Criatividade é uma prática humana. Eu digo prática porque quanto mais exercemos, melhores ficamos. Você pode usar a criatividade em qualquer âmbito. Uma colher é fruto da criatividade humana, Excel também e, por incrível que pareça, limões também.
"Isso já aconteceu com você, onde você pensou em [uma resposta] tipo, quatro horas após o evento? [...] Isso é um bom sinal, porque significa que você tem instinto cômico. E através da prática e da repetição, você pode reduzir o tempo que leva para ter aquele ‘momento a-ha’, de quatro horas depois para apenas três horas depois, para apenas dois a dez minutos para, então, acontecer no momento. Porque uma reflexão sobre o passado leva à ação no futuro."
- The Skill of Humor, Andrew Tarvin. Tradução livre.
"[...] ter conhecimentos além do seu próprio ramo é realmente útil [...]. Sempre pensei que uma das razões pelas quais os anos 60 foram tão interessantes é que ninguém era cientista da computação naquela época, todos que entraram na área chegaram com muitos conhecimentos e interesses diversos. Então eles tentaram descobrir o que eram os computadores, e as únicas analogias – o lugar de onde eles tinham que tirar as analogias – eram de outras áreas, então conseguimos algumas ideias extremamente interessantes [dessa situação]."
- Arthur Koestler on Creativity and Outlaw Thoughts (Vannevar Bush symposium, 1995), Alan Kay.

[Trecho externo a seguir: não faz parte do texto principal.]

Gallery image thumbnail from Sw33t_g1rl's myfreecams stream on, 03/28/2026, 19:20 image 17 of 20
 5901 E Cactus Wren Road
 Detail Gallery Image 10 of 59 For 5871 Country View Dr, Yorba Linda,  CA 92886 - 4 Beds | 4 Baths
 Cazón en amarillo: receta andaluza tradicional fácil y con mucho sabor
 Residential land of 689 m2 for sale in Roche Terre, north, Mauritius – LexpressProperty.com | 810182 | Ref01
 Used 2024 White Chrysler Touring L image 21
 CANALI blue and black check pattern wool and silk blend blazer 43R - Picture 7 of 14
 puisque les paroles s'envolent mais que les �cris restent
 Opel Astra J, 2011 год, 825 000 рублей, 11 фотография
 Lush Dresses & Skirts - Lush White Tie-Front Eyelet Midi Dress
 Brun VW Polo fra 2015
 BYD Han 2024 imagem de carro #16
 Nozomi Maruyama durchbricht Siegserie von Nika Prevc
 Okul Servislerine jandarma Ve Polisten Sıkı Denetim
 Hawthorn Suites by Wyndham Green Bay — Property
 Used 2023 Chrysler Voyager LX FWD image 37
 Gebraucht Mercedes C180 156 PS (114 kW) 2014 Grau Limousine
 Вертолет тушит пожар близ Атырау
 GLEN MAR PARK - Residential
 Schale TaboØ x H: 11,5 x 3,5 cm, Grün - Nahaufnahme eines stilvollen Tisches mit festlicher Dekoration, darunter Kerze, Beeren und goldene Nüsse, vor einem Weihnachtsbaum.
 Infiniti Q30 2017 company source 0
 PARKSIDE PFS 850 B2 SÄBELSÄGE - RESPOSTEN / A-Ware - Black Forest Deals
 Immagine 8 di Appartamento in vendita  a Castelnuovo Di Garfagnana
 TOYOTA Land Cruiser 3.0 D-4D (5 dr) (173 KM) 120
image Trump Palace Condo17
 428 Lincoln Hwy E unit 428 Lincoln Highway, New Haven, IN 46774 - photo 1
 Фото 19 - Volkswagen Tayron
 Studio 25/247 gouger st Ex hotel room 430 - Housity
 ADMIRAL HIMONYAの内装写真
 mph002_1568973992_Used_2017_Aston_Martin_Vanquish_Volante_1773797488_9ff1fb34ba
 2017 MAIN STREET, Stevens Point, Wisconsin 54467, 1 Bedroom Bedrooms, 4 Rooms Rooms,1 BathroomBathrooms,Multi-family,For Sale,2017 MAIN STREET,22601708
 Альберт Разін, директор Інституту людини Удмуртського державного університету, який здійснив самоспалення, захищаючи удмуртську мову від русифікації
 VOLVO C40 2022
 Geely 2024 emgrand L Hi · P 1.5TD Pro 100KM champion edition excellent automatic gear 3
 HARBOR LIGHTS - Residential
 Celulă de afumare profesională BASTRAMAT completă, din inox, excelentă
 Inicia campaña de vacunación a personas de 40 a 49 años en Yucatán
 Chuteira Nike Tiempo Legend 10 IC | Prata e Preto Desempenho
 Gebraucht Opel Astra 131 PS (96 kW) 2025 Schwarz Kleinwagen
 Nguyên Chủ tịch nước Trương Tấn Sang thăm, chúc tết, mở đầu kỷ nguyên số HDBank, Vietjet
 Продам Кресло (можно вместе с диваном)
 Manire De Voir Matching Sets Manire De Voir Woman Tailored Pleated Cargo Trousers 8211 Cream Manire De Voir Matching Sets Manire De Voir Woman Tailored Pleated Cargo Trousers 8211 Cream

Tradução livre.
“Aprecie a mundanidade” disse Alan Kay, “afinal, o próprio lápis é alta tecnologia”. Essa foi uma das frases que Andy Hertzfeld achou genial na fala de Alan, no seminário sobre criatividade “Creative Think” que ocorreu em 1982. Andy Hertzfeld foi um dos membros pilares da equipe que montou o primeiro Macintosh (Apple), e em seu site ele escreveu:
O discurso de Alan foi revelador, e talvez a palestra mais inspiradora a que já assisti. Fiquei cada vez mais animado quando ele fez um comentário brilhante e perspicaz após o outro, e peguei meu caderno para anotar o máximo que pudesse. Alan estava articulando os valores por trás do trabalho que eu fazia, mesmo sem saber, de uma forma que realmente ressoou em mim. Depois […] transcrevi em uma única página e copiei para distribuir ao restante da equipe.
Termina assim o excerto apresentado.